What are the risk factors

  1. The risk factors identified by the Tribunal are:-

    (a)That the Applicant has been charged (and noting was found not guilty on a defence of a mistake as to the Complainant’s age) with an offence involving sexual intercourse with a 13 year old girl when he was 32 years of age.

    (b)That the Applicant does not see as significant age difference as an impediment to an intimate personal relationship.

    (c)The Applicant has a predilection for relationships with females much younger than himself.

    (d)That the Applicant has availed himself of opportunistic sex when offered.

    (e)That there are no categories of Blue Card nor is it possible to restrict the grant of a Positive Notice to specified child related activities – a grant of a Positive Notice would be in place for a period of years and will allow the holder the ability to work with and have contact with children in situations which may not be contemplated now.

    (f)That there is a lack of insight on the Applicant’s part into the severity of the alleged offence in two respects, firstly, in his view that he was blameless in the circumstances of the offence as it was the Complainant who misled him about her age and initiated the sexual conduct; and secondly, in his fixation on the view that as he was found not guilty in a criminal Court, he had done nothing wrong.
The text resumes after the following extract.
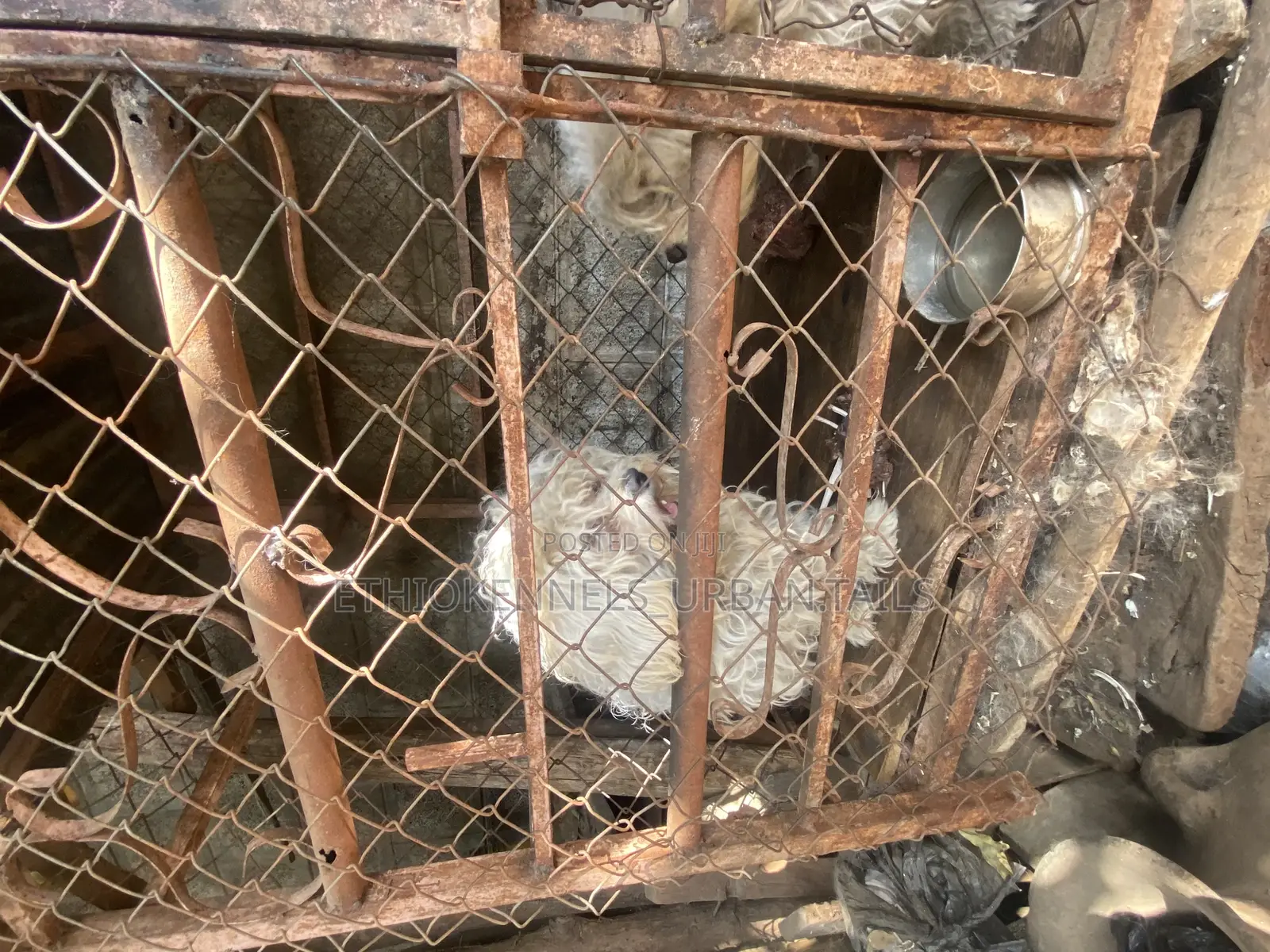 1-3 months Male Purebred Maltese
What are the protective factors

  1. The Tribunal identifies the following protective factors to be weighed against the risk factors:-

    (a)The Applicant has a very supportive family who have spoken highly of the Applicant’s level of responsibility and the trust they place in him, including their absolute trust in placing their young children under his care without any other supervision.

    (b)The Applicant is in a stable marriage relationship.
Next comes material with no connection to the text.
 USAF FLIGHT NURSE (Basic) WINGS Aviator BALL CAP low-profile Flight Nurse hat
    (c)The Applicant has a history of full employment, and contribution to the community.

    (d)The Applicant has a history of having worked with children during the two years he held a Blue Card.
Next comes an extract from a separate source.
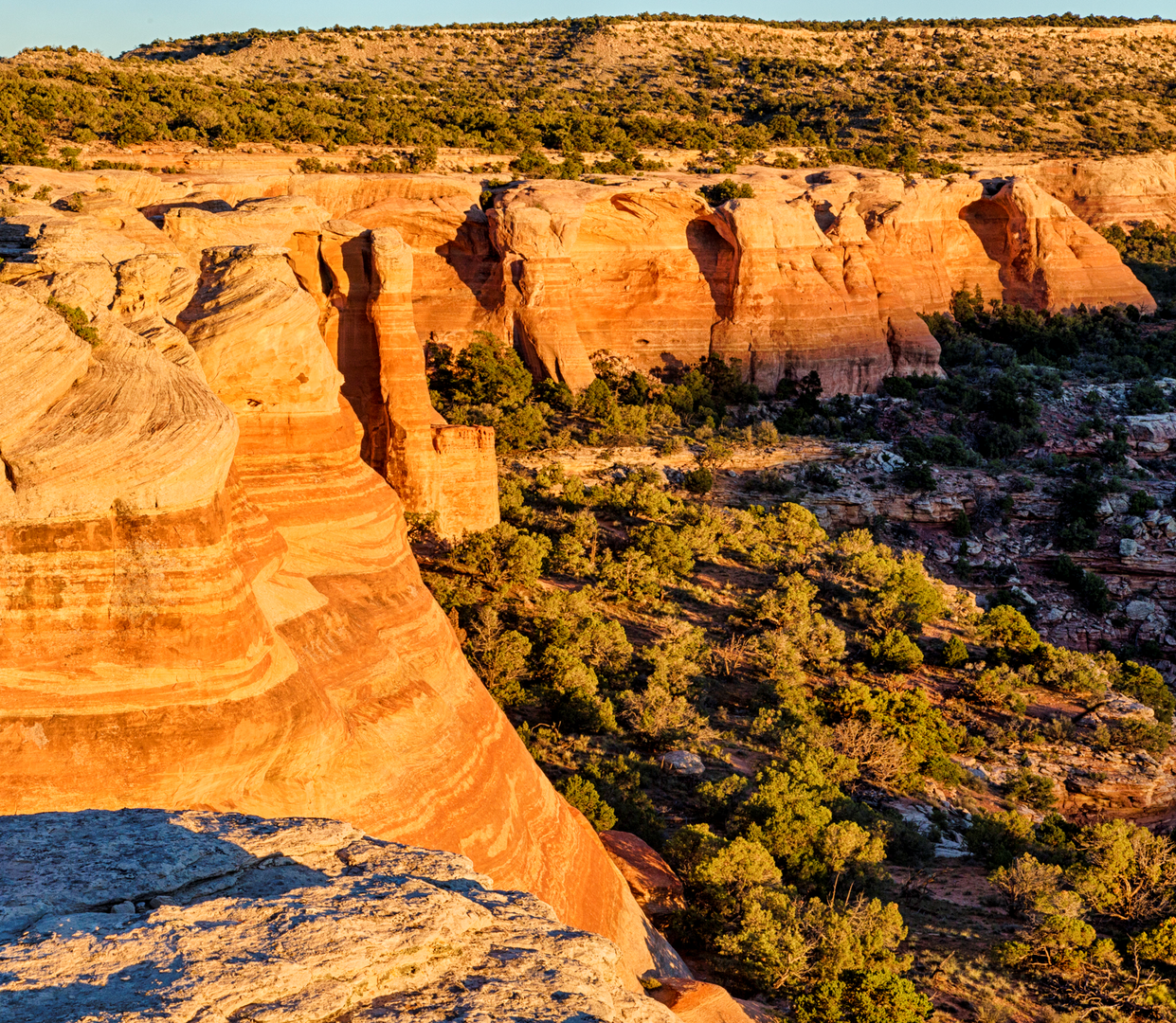 McInnis Canyons National Conservation Area - Grand Junction - Colorado - Doets Reizen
    (e)The Applicant has worked with children without incident through his time with the volunteer Coast Guard and also with the Court Network.

    (f)The Applicant is apparently an honest and genuine person, who gave candid evidence and was not self-serving in his responses to the Tribunal’s questions.

    (g)The Applicant has no other criminal history of any nature.

    (h)The Applicant’s witnesses (his sister, brother-in-law and his Coast Guard Commander) spoke very highly of his caring and responsible attitude and personal strengths.

The Tribunal’s Decision

  1. The legislation emphasises that the approach of the Tribunal to determining whether an exceptional case exists is discretionary rather than prescriptive.

  2. The Tribunal is not rehearing the criminal trial and accepts without question the find of the Criminal Court.  The allegations, defence and outcome of that trial does however, provide an essential factual backdrop and context against which the Tribunal’s evaluation of the risks and protective factors can be made.

  3. In weighing up the risk and protective factors, the Tribunal is very mindful that GP was well supported by his witnesses.  They held the same view as he, that 17 year old young women are adults and should be treated as such regarding sexual behaviour and decision making.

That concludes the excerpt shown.